## ACTIVITY
For every entry below, give it back exactly and leave out any image.
(Beginning of DATASET EXTRACT)
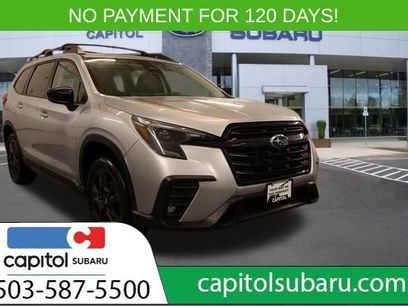 New 2025 Subaru Ascent Bronze Edition w/ Popular Package #2
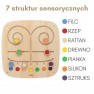 Sensorinė manipuliacinė lenta | Paliesk ir suderink | Viga 44809 Sensorinė manipuliacinė lenta | Paliesk ir suderink | Viga 44809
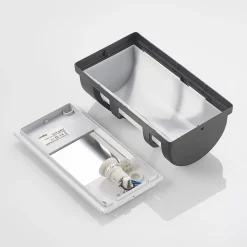 Lindby Femani utendørs vegglampe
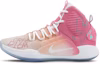 Buy 【訂製球鞋】 Nike Hyperdunk X 心動櫻桃 多巴胺 漸變 塗鴉 減震平衡 中筒 籃球鞋 男款 白粉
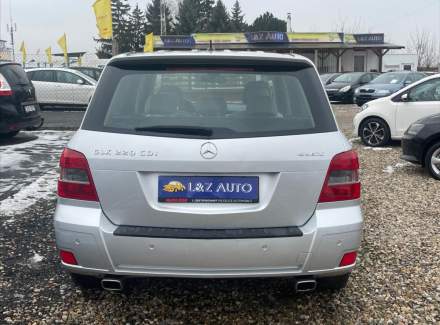 Mercedes-Benz - GLK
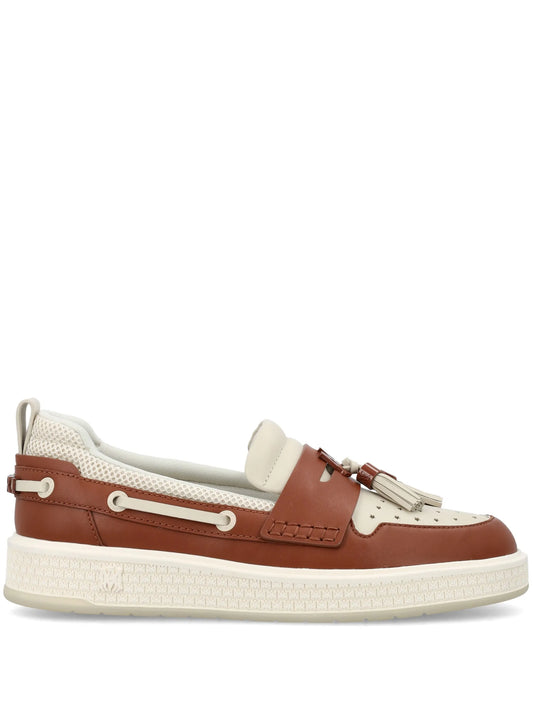 MA Hybrid tassel-detailed loafers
(End of DATASET EXTRACT)
## RESPONSE FOR THIS EXERCISE
 New 2025 Subaru Ascent Bronze Edition w/ Popular Package #2
 Sensorinė manipuliacinė lenta | Paliesk ir suderink | Viga 44809 Sensorinė manipuliacinė lenta | Paliesk ir suderink | Viga 44809
 Lindby Femani utendørs vegglampe
 Buy 【訂製球鞋】 Nike Hyperdunk X 心動櫻桃 多巴胺 漸變 塗鴉 減震平衡 中筒 籃球鞋 男款 白粉
 Mercedes-Benz - GLK
 MA Hybrid tassel-detailed loafers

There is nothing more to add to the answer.